What is the environmental impact of the largest industrial companies listed in Switzerland? And what investments should they make to reduce this impact within bearable limits for the planet? While more and more companies are committing to achieve the goal of zero net CO2 emissions (“Net Zero”) by 2050, a study carried out by Ecometrics, Valuing Impact and Sofies and co-funded by Ethos outlines for the first time the cost of the operation. As a result, the 14 non-financial companies* of the Swiss Market Index (SMI) should invest CHF 28 billion per year if they intend to be able to reduce their net GHG emissions to zero and continue their activities while preserving the water reserves and cultivable land of the planet (“Planetary Boundaries”). This represents around 60% of their 2020 profits and 4% of the Swiss GDP.

While this amount may seem substantial, the authors of the study, Damien Friot and Samuel Vionnet, point out that these investments should also allow the concerned companies to achieve savings ("avoided costs") of around CHF 34 billion per year, which is much more than the investments made. In addition, most of the investments to be made are in their supply chains, so the cost should be shared with other companies using the same suppliers.

"This is the first time that the natural capital use of a large index such as the SMI has been truly measured, said Vincent Kaufmann, CEO of Ethos.

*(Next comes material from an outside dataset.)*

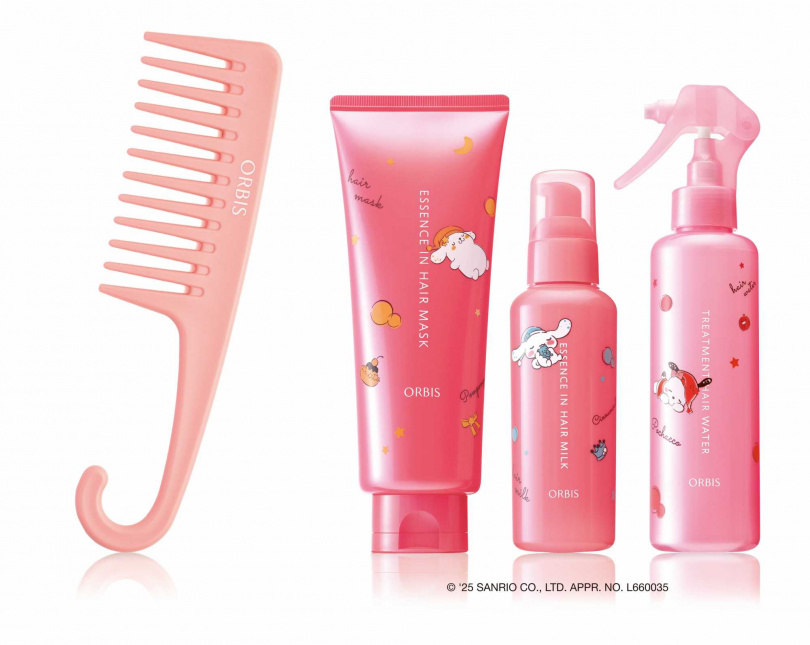 ORBIS瞬效護髮限定瓶-3件88折送吊掛式順髮寬齒梳。（圖／品牌提供© '25 SANRIO CO., LTD. APPR. NO. L660035）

If the study shows that large Swiss companies have an even greater environmental impact than one could imagine, it also shows that the cost of solutions to limit this impact is quite bearable for companies and that investments necessary to preserve the future of the planet will also have a positive return in the medium term."

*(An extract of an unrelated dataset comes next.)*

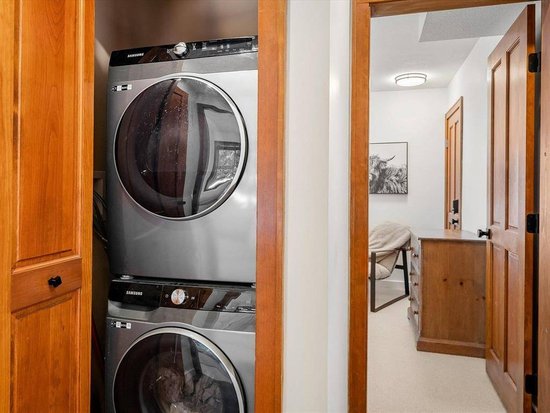 Whistler 3 Bedroom Accommodation - Treeline - #4549 Whistler 3 Bedroom Accommodation - Treeline - #4549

An environmental impact much bigger than that of Switzerland

To reach their conclusions, the authors of the study worked with the data published by companies as well as on models allowing to consider the environmental impact of their supply chains as well as their water consumption and use of cropland. According to their calculations, the 14 companies considered generated 305 million tons of CO2 in 2020, corresponding to 6.5 times the emissions of Switzerland as a territory. Their water consumption reached around 12’000 million m3 (or 3.5 times that of Switzerland) while their use of cultivable land amounts to 6.5 million hectares (1.6 times the size of Switzerland).

The authors then looked at solutions that would reduce these impacts, such as the use of renewable energies or sustainable means of transport, and the costs that these solutions would allow to avoid, starting with the cost of fossil fuels not used. According to their calculations, non-financial companies of the SMI should invest CHF 21.5 billion per year to continue operating without jeopardising biodiversity and forests and reducing their CO2 emissions by 29% (on average). However, the solutions currently available do not make it possible to further reduce these emissions, so that companies would have to invest an additional CHF 6.5 billion to remove all their CO2 emissions from the atmosphere, whether by natural (e.g. planting trees) or technological means (capturing and storing the emissions).

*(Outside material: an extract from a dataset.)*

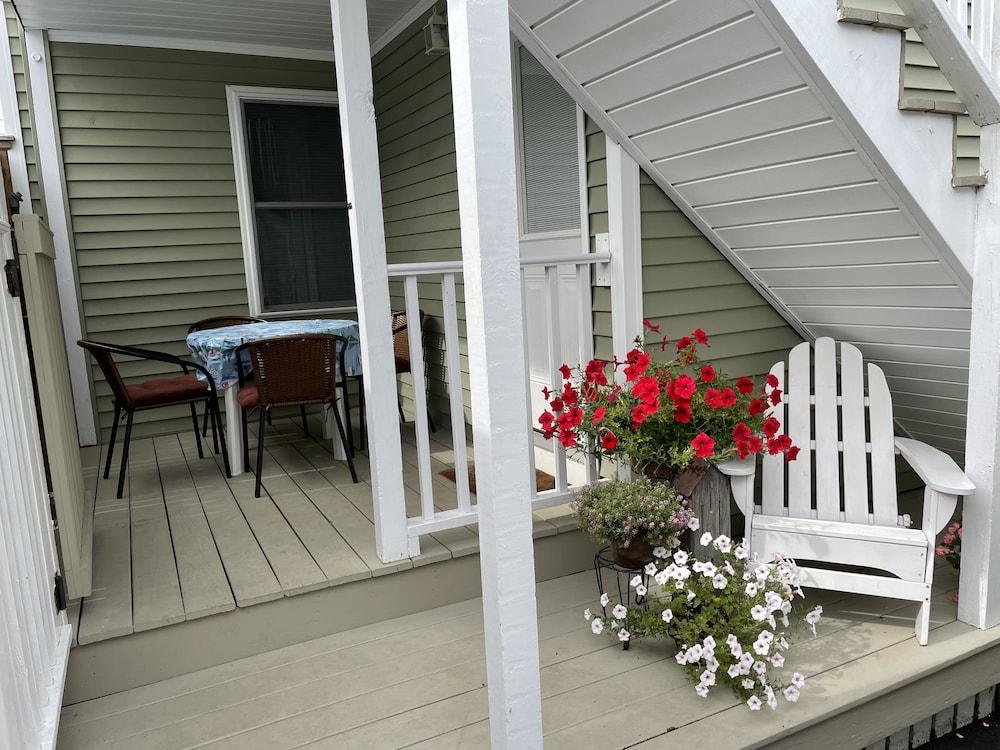 Moontide Motel Cabins & Apartments photo 24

"Carbon sinks and offsets in the carbon market should only be used as a complement, when there are no alternatives," warns David Rochat, CEO of Sofies. Because these two options alone do not make it possible to combat climate change on a global scale. The main objective of any company must be to reduce as much as possible its direct and indirect greenhouse gas emissions before seeking to offset", he concludes.
This study will now allow shareholders to intensify dialogue with the companies concerned to encourage them to do more to limit their environmental impact, while having previously quantified the cost of the solutions available to them. As such, the authors established a list of recommendations for companies, but also for investors.

* The six financial and insurance companies belonging to the SMI were not included in the analysis due to methodological complexity and the lack of data to assess the environmental impact of their investments and loan portfolio rather than their business and supply chains.